These restaurants have been identified by me as the best in the world based on a number of factors, including the people I was with when I ate there, the value for money, and even occasionally the quality of the food. Some are very well-known and prestigious, and others are little more than a hut with some bread and a smattering of condiments, but in every instance, they have been places where I have been happier for having eaten there. Enjoy.
10) Phoenician Resort
Scottsdale, Arizona
The brunch here in Scottsdale was something not to be forgotten. Scottsdale in general is sort of a miracle in itself: an oasis of lush green golf courses and champagne balloon-rides/Humvee tours through the Sonoran desert, and completing the incongruousness of the whole experience is the single most outrageous brunch I've ever experienced at a hotel or anywhere else for that matter. I think the entire meal was made better by the fact that the cost is so exorbitant that you feel obligated to eat your own weight in fresh strawberries and chocolate crepes and wash it all down with mimosas, so that by the time you manage to roll yourself away from the finely-apportioned table, you've become a sort of wobbly French pastry champagne-and-orange -juice bomb.
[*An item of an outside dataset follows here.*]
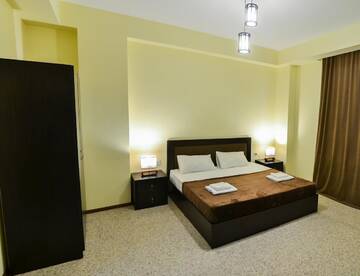 Фото номера Двухместный номер с 1 кроватью Отель Hotel Garden г. Тбилиси 4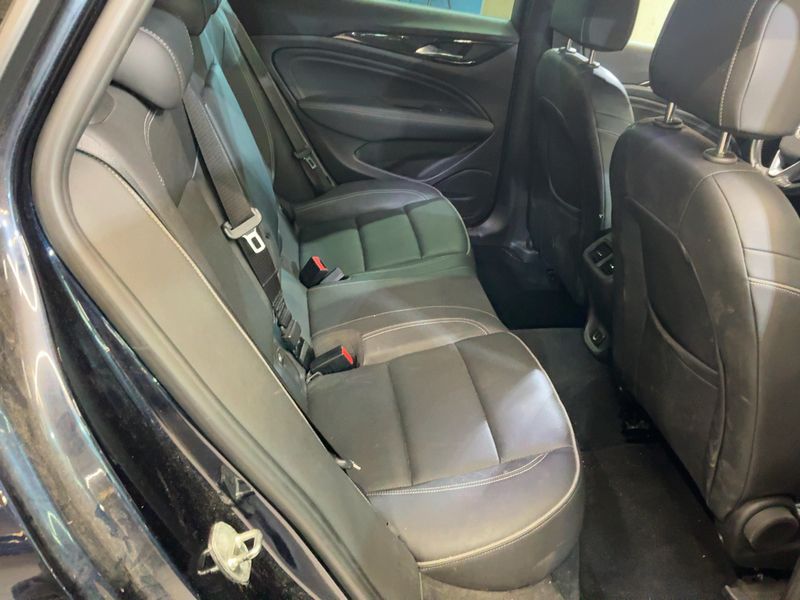 Opel Insignia Sports Tourer 2.0 CDTI Dynamic — zdjęcie 14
It's fun.
9) Poolville Country Store
www.pool villecountrystore.com
Poolville, New York
The Poolville Country Store, like the entire city of Scottsdale, is a bizarre quirk of geography. Poolville, New York is not a town in the conventional sense, or in any other sense, really. It is a loosely-clustered group of crumbling houses with rusting farm equipment outside and little to no evidence of life. The Poolville Country Store, however, is like sunshine after a month of rain. You walk into a terrific, very quaint dining room with uneven floors, a roaring fire place, and a wine list that rivals most good restaurants in civilization. Virtually anyone can take a good cut of beef and turn it into a halfway decent steak, but very few places--and even fewer places in towns with sizable cow populations--can make a good lobster ravioli and make an upstate New York winter seem endurable. Recently closed because of management disputes, it has re-opened and will likely become a mainstay of Colgate graduations for years to come.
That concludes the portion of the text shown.